### RECORD EXCERPTS
------------------------------------

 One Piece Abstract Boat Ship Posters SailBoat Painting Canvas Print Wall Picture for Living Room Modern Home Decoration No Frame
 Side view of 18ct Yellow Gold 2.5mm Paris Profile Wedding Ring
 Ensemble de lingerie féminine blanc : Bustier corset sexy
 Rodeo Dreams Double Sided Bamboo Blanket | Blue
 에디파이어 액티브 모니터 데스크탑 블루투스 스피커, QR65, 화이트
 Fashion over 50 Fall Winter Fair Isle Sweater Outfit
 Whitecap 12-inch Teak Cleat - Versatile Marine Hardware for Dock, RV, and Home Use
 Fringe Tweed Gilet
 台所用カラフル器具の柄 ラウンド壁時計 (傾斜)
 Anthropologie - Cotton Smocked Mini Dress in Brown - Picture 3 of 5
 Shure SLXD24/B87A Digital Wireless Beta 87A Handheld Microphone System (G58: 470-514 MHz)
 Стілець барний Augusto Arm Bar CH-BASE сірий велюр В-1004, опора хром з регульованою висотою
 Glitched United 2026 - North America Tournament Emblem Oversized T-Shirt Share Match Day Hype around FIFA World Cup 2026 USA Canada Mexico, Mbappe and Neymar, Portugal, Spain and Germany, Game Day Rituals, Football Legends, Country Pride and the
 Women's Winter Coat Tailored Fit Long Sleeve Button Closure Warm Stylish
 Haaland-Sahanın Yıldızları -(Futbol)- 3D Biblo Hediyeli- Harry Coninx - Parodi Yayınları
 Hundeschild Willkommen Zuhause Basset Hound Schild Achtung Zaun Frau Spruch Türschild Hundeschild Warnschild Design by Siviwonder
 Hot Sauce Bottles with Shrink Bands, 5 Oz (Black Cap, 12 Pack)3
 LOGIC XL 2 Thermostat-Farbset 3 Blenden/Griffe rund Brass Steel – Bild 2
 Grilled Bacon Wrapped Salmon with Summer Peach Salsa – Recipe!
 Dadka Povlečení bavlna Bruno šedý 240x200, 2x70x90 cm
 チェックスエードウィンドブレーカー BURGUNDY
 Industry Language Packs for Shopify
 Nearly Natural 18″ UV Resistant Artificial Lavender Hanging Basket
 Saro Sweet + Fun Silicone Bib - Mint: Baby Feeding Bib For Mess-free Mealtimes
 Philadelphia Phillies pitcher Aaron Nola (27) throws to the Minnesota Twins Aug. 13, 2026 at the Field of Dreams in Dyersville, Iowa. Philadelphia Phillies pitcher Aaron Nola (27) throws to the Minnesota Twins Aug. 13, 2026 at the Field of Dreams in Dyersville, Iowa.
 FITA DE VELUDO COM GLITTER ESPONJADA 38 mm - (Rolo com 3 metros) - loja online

------------------------------------

### ASSIGNMENT
Looking through the data above, copy out each line in which the string "Winter" occurs.

### RESULT FOR THIS TASK
 Fashion over 50 Fall Winter Fair Isle Sweater Outfit
 Women's Winter Coat Tailored Fit Long Sleeve Button Closure Warm Stylish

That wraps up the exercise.